Justin King told Newsnight that consumers should prepare to see considerably higher prices on products produced outside of the UK.
King said: “Something around 40 to 50 percent of what we buy in the shops is sourced abroad in currency other than the pound.
“With the current rates of exchange we can expect that to be around 10 percent more expensive in a years time.
“If that’s about half of what we buy, that means something of the order of five percent inflation.”
There are signs price rises are already filtering through to supermarket shelves.
Unilever was believed to have demanded a 10 percent price rise due to the falling value of the pound against the dollar and euro, and halted deliveries to Tesco when the supermarket refused.
Recounting his experience as head of the supermarket during the 2008-09 financial crisis, King said that the effect of economic turmoil on consumer confidence can take years to come about.
“I think back to the financial crisis and there was a lot of conversation about why we didn’t immediately see the effects on the consumer,” he said. “It was 2010 when consumers changed the way they shopped. That’s the timeline we are talking about.”
The pound remains down around 15 percent against the US dollar since June’s EU referendum.
Speculation of a so-called ‘hard Brexit’ led to sterling reaching a 31-year low in October.
As a currency’s value lowers, inflation can be expected to rise.
According to Bloomberg, UK inflation accelerated last month at the fastest pace for two years.
Barclays said on Monday that inflation in one year’s time would rise faster than at any time since 2011.
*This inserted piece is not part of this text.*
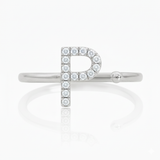 Diamond Initial Ring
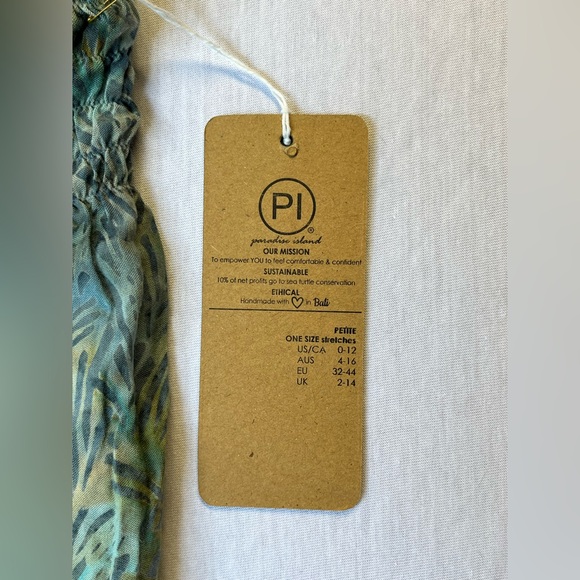 Women’s Paradise Island PI Bohemian Flowy Harem Pants One Size 0-12 Rayon NWT - Picture 7 of 8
The Bank of England forecast this month that consumer price inflation will rise to 2.7 percent in a year’s time, according to Reuters.
But King’s prediction of five percent inflation runs even higher than these figures.
King, who left Sainsbury’s in 2014 and is now vice chairman of a venture capital firm, also hinted that a big name retailer could fail in the near future.
While unable to say which specific retailer might be at risk, King said that those stores able to hold back price rises from customers will be best placed in the market.
“It will become clear overtime who the winners and losers are,” he said.